_Task statement_
Would you please repeat, word for word, only the lines from the one holding "In Ocarina of" through the one holding "It's important that" in the material below, without the pictures?

_Material provided_
= = =
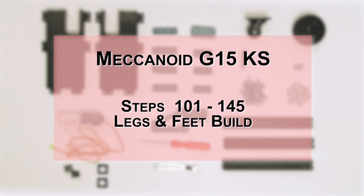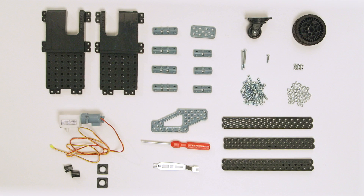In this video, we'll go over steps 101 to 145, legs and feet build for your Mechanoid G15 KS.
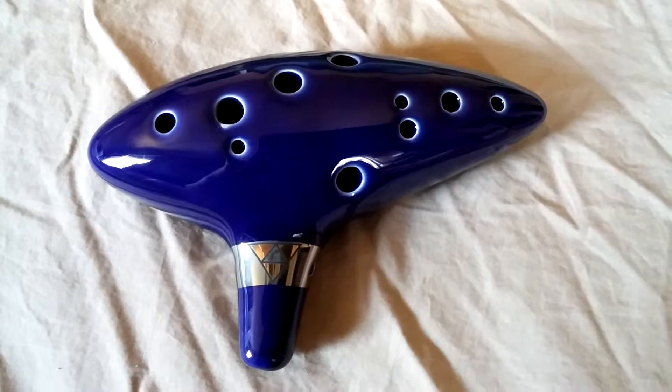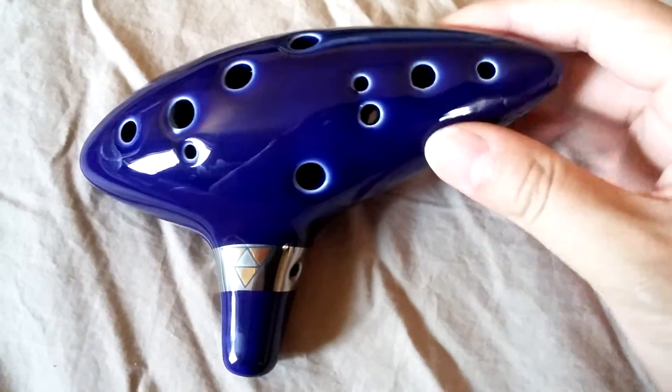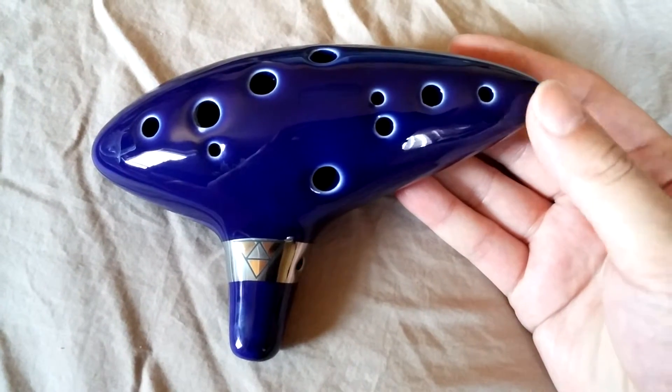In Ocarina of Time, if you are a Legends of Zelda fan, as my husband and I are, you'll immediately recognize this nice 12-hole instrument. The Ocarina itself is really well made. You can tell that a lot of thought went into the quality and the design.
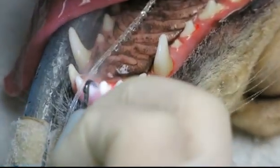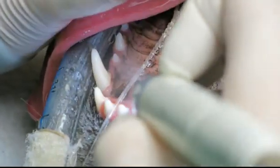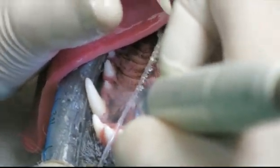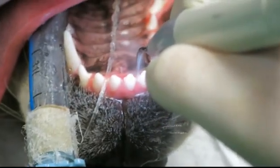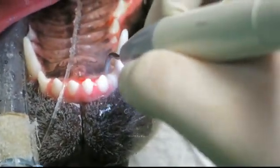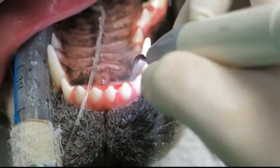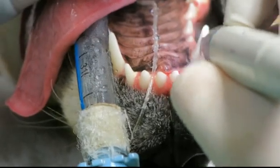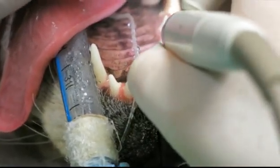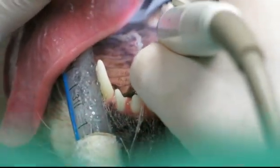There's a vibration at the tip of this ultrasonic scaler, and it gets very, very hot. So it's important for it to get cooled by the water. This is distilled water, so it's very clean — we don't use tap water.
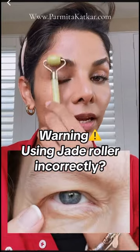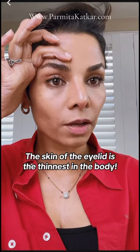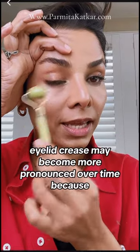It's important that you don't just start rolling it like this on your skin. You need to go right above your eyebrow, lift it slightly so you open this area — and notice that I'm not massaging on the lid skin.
= = =
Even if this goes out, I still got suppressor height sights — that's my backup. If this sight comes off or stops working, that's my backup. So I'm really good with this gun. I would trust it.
= = =
_Solution_
In Ocarina of Time, if you are a Legends of Zelda fan, as my husband and I are, you'll immediately recognize this nice 12-hole instrument. The Ocarina itself is really well made. You can tell that a lot of thought went into the quality and the design.
There's a vibration at the tip of this ultrasonic scaler, and it gets very, very hot. So it's important for it to get cooled by the water. This is distilled water, so it's very clean — we don't use tap water.
It's important that you don't just start rolling it like this on your skin. You need to go right above your eyebrow, lift it slightly so you open this area — and notice that I'm not massaging on the lid skin.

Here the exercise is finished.